When I am having these pathetically selfish “mom moments,” I remind myself of Christ’s sacrificial love and it brings me indescribable peace. But when my pastor challenged us to think of God’s amazing love for us that sent His son to die for us, it really hit me. It is so much more than me giving up my petty selfish desires, it is me giving up my idea of the “perfect” family.
I sit here feeling my baby girl (yes, girl #4 … pray for my husband.) move around in my stomach and think about her future. If we adopt these three girls, she will be the youngest daughter of four. She will see the challenges her sisters will go through as they face the full reality of their situation as they grow up. She will know their birth mom as we drop them off for visits. She will have such a different upbringing than I could have ever imagined for her.
If my three girls go back home, she will have sisters for a time in her life she will likely never remember. She will be told she was the first born, but the fourth child in our family. She will see pictures of them and know stories of them. She will see her mom and dad go through great loss. How will these things affect her? I pray she knows what sacrificial love looks like from the start. I pray she has a heart to give her life to help others. I pray that a normal family to her is having brothers and sisters with different moms and dads, but one true Father.
To wrap up, foster care has brought me to the brink of complete insanity.

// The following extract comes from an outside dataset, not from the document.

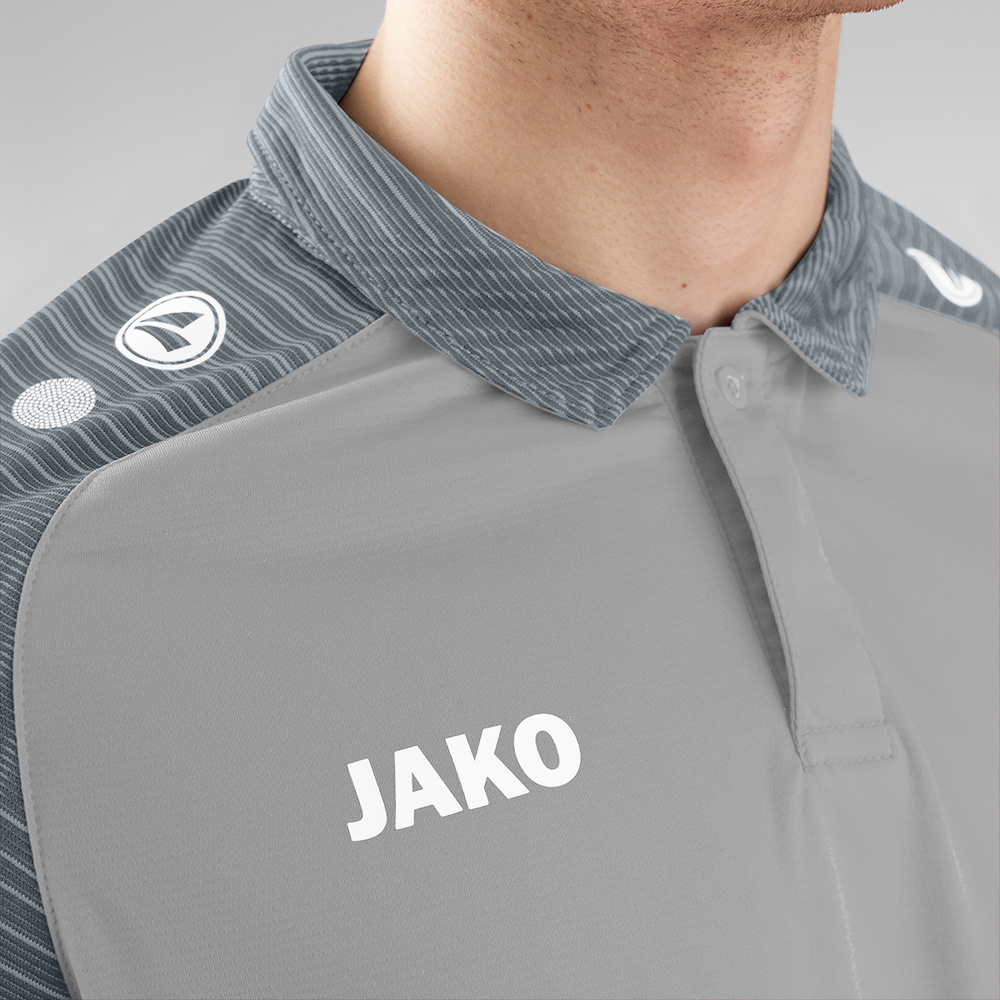 POLO JAKO PERFORMANCE, SOFT GREY-STONEE GREY MEN.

It has forced me to completely rely on Christ and His sovereignty. It has taught me things I could have never imagined I would learn in my lifetime. There are days that I know life would be easier if we had not been called into foster care.
If you feel even an inkling of interest in supporting foster care or becoming a foster parent, I highly recommend contacting Sunrise Children’s Services. They have been a life-saving support and resource to us and our girls.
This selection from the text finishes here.